Sunrisers Hyderabad 266 for 7 (Head 89, Shahbaz 59*, Abhishek 46, Kuldeep 4-55) beat Delhi Capitals 199 (Fraser-McGurk 65, Pant 44, Natarajan 4-19, Reddy 2-17, Markande 2-26) by 67 runs
A powerplay from another planet
The first over of the match went for 19, and ended up being the lowest-scoring over of Sunrisers’ powerplay.
Head was batting on 84 off 26 balls at the six-over mark, and his opening partner was scoring significantly quicker than him: Abhishek was batting on 40 off 10 at that point.
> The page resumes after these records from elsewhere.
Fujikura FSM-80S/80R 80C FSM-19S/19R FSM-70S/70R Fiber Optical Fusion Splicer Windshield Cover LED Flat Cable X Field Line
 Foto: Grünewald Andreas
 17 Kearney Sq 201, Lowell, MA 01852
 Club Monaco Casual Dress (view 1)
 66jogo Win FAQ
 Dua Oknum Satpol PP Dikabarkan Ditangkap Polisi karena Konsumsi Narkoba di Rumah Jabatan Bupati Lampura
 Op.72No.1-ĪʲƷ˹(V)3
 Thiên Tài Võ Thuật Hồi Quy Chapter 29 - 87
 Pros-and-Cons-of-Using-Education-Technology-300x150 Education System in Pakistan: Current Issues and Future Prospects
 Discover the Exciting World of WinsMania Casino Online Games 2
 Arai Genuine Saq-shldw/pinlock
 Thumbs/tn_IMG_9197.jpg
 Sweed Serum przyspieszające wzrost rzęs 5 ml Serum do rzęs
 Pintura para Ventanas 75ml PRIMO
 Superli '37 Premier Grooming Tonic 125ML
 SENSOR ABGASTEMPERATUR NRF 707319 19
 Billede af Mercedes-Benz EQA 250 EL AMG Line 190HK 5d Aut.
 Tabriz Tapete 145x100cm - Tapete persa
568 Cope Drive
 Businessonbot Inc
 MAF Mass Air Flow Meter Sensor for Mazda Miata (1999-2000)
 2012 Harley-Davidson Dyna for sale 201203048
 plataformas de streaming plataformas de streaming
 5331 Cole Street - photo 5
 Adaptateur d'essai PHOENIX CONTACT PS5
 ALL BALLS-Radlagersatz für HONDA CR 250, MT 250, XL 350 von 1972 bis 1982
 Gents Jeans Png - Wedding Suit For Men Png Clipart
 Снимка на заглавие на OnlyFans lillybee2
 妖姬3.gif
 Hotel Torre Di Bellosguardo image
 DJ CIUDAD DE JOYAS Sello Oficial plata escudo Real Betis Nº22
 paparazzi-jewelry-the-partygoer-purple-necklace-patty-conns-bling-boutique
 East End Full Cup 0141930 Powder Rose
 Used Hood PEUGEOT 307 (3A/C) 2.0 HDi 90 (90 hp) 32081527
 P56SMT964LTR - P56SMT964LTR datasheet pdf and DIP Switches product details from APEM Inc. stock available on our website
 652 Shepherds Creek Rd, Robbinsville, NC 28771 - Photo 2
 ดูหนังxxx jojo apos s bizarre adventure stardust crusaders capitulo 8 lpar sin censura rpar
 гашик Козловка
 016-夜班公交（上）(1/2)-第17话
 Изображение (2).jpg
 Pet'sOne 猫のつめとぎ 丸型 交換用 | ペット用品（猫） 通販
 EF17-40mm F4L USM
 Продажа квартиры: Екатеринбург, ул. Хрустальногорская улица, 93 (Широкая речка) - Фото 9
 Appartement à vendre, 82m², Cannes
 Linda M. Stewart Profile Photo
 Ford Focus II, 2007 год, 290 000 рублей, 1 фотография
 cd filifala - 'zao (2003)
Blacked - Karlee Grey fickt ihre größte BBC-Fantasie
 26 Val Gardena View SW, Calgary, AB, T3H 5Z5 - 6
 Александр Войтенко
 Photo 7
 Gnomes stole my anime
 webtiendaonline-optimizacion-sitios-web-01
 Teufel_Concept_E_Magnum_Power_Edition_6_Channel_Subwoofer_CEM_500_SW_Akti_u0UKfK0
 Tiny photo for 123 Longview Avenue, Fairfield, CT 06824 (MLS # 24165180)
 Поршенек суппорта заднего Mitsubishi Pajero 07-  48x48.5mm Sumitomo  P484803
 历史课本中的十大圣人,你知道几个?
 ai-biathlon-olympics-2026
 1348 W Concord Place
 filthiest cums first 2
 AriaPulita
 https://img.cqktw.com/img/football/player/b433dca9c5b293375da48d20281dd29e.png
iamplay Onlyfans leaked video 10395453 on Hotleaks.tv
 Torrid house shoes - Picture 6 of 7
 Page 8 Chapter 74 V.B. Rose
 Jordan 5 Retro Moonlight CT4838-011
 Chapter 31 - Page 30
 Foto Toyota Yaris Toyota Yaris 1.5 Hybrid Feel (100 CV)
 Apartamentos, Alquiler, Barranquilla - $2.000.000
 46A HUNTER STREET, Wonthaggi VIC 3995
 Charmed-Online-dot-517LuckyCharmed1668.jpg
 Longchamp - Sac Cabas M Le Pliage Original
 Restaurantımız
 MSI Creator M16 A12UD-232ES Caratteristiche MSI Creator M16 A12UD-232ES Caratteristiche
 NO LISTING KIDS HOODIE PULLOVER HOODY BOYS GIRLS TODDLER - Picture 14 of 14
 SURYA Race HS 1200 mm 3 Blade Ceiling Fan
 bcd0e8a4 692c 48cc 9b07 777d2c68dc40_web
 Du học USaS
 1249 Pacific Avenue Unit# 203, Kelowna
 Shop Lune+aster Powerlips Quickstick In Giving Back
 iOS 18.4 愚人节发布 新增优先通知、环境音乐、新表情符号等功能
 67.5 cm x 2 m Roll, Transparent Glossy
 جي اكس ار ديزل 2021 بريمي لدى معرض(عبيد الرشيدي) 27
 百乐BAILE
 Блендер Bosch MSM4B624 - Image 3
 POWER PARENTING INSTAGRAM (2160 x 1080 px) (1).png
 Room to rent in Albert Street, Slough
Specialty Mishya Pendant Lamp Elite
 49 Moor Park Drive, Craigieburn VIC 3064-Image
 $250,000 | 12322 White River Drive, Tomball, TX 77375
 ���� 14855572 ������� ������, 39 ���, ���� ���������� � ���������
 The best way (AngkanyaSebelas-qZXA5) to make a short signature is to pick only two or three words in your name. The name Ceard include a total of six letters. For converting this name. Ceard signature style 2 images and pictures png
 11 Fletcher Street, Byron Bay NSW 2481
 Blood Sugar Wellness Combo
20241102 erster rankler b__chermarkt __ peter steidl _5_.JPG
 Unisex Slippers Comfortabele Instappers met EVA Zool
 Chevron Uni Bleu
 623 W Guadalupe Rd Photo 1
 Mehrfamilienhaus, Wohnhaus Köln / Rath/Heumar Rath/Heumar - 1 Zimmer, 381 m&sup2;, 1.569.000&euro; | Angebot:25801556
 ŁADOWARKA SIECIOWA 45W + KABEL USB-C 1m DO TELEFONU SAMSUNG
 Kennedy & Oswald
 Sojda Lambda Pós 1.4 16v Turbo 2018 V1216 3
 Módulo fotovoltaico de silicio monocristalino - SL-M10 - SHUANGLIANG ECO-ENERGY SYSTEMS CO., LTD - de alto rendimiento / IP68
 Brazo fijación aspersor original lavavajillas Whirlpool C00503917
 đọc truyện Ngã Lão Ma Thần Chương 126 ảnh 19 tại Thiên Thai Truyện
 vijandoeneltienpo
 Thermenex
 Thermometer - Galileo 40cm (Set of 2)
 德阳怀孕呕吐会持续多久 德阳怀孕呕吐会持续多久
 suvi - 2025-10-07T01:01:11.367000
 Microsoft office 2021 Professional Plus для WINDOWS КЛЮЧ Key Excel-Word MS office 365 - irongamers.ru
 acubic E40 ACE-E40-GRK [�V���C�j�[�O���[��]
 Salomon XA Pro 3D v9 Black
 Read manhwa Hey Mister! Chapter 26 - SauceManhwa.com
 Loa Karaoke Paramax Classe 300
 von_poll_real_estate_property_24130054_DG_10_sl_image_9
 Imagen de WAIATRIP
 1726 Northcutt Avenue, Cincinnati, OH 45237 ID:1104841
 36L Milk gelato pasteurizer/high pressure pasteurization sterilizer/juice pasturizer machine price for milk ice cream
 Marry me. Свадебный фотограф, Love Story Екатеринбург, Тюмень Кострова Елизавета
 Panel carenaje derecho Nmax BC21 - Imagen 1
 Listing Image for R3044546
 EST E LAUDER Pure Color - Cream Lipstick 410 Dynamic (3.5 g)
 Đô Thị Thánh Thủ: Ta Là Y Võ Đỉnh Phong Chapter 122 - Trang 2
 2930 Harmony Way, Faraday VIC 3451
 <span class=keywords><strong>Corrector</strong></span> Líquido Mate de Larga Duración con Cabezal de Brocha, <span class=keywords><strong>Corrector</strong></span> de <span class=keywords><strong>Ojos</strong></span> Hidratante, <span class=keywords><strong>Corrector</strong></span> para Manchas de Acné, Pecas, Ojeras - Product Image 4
The hitting was a relentless blur, and no line, length or style of bowling seemed to have any power to stop it. So true was the pitch at the Arun Jaitley Stadium, which was hosting its first game of the season, and so single-minded the two openers in their desire to hit every possible ball to the boundary. Of the 36 balls bowled in the powerplay – Capitals could have given themselves an ironic pat on the back for bowling no wides or no-balls in that time – 13 went for four and 11 for six.
Abhishek hit the first non-powerplay ball of the match for six too, stepping out to Kuldeep and going through his shot despite not reaching the pitch of the ball. This had happened in the fifth over too, off the same bowler, and it seemed to reiterate to Capitals’ bowlers that they were on a hiding to nothing.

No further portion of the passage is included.